Segment Start: EXTRACTED INFORMATION

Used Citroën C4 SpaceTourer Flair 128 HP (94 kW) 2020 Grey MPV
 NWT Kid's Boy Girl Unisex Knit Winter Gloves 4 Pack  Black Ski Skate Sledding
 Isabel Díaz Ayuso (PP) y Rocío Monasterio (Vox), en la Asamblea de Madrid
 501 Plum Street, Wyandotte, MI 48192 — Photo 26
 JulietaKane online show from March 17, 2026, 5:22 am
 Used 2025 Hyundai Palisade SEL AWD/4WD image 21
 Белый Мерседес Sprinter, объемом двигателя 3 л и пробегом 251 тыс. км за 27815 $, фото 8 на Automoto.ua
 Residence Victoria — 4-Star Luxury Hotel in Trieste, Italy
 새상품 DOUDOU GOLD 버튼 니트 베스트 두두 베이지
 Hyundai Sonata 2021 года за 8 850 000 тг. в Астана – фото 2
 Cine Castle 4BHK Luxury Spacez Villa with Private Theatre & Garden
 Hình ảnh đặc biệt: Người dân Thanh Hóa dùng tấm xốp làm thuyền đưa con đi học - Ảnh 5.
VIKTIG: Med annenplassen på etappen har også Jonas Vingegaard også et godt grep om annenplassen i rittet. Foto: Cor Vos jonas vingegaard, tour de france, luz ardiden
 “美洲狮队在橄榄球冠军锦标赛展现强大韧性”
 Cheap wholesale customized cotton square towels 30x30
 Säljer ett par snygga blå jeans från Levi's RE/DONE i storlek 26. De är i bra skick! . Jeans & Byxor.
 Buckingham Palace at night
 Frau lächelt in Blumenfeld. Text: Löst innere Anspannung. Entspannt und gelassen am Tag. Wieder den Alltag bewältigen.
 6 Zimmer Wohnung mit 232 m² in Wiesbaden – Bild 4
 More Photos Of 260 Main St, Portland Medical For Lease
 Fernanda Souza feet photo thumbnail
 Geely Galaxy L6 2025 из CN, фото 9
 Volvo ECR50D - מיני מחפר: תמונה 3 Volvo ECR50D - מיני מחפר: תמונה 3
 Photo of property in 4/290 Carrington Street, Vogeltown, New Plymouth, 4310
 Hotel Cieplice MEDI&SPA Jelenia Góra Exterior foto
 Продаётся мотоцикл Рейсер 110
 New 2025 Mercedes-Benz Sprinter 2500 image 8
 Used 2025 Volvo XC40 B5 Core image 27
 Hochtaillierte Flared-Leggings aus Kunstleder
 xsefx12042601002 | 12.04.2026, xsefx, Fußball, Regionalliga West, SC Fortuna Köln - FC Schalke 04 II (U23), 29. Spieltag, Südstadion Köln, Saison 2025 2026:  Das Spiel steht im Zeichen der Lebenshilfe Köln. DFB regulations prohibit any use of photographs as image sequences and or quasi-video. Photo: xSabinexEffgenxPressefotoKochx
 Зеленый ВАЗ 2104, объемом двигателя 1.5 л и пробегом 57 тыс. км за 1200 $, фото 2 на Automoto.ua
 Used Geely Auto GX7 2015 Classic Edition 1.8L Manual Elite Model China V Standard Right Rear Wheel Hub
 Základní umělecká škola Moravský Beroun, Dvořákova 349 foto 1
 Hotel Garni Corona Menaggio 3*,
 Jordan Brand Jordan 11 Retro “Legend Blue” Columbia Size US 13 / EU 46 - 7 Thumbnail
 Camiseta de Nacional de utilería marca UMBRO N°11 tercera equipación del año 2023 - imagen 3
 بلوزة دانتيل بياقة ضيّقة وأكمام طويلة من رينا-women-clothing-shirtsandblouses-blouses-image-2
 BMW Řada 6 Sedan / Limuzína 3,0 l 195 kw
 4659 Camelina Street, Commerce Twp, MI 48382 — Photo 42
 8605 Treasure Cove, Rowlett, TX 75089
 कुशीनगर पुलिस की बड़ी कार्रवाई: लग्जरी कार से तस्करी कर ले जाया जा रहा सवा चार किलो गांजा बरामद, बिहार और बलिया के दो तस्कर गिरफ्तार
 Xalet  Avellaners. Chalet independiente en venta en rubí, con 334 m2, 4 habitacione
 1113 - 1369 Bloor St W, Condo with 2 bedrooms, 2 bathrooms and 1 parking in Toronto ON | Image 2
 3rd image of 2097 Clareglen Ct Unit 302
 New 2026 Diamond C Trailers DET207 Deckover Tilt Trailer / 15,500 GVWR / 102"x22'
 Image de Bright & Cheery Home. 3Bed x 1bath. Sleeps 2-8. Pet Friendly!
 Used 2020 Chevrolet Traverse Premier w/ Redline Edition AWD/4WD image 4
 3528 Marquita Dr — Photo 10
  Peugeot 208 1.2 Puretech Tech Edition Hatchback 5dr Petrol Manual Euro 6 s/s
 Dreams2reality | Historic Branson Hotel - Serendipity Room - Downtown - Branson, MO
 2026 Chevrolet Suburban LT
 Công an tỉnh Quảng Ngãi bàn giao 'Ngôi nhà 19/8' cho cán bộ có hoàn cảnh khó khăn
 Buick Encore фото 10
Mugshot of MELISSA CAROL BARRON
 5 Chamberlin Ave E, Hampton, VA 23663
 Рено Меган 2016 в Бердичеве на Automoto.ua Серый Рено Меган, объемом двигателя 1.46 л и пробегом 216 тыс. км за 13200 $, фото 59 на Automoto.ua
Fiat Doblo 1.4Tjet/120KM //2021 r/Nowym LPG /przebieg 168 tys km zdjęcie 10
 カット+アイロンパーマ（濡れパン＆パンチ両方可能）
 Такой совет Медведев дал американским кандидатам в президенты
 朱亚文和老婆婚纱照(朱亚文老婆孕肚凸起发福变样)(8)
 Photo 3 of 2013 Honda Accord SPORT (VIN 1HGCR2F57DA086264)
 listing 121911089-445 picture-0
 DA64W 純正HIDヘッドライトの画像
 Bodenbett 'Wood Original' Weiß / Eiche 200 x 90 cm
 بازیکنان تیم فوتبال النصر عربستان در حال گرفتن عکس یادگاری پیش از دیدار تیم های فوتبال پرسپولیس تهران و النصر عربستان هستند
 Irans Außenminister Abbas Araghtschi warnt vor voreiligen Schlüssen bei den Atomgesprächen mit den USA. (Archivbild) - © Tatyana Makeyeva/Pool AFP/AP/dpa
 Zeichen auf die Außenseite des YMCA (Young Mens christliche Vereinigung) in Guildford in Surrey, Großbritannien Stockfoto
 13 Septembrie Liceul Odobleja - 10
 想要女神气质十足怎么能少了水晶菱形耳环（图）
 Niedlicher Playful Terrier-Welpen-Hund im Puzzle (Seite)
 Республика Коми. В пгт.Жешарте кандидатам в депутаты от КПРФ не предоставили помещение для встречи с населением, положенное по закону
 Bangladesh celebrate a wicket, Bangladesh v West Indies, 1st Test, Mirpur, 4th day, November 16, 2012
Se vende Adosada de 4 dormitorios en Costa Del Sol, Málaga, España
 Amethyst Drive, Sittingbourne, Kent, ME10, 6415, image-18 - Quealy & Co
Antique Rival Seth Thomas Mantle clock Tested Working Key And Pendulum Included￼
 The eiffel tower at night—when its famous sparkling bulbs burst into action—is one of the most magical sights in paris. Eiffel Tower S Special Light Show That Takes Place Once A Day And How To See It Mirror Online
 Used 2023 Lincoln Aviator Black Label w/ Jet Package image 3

Segment End: EXTRACTED INFORMATION

• EXERCISE AIM: Only the lines from the one containing "想要女神气质十足怎么能少了水晶菱形耳环（图）" through the final line of the data are to be written out, exactly as they stand and without pictures.

• SOLUTION:
 想要女神气质十足怎么能少了水晶菱形耳环（图）
 Niedlicher Playful Terrier-Welpen-Hund im Puzzle (Seite)
 Республика Коми. В пгт.Жешарте кандидатам в депутаты от КПРФ не предоставили помещение для встречи с населением, положенное по закону
 Bangladesh celebrate a wicket, Bangladesh v West Indies, 1st Test, Mirpur, 4th day, November 16, 2012
Se vende Adosada de 4 dormitorios en Costa Del Sol, Málaga, España
 Amethyst Drive, Sittingbourne, Kent, ME10, 6415, image-18 - Quealy & Co
Antique Rival Seth Thomas Mantle clock Tested Working Key And Pendulum Included
 The eiffel tower at night—when its famous sparkling bulbs burst into action—is one of the most magical sights in paris. Eiffel Tower S Special Light Show That Takes Place Once A Day And How To See It Mirror Online
 Used 2023 Lincoln Aviator Black Label w/ Jet Package image 3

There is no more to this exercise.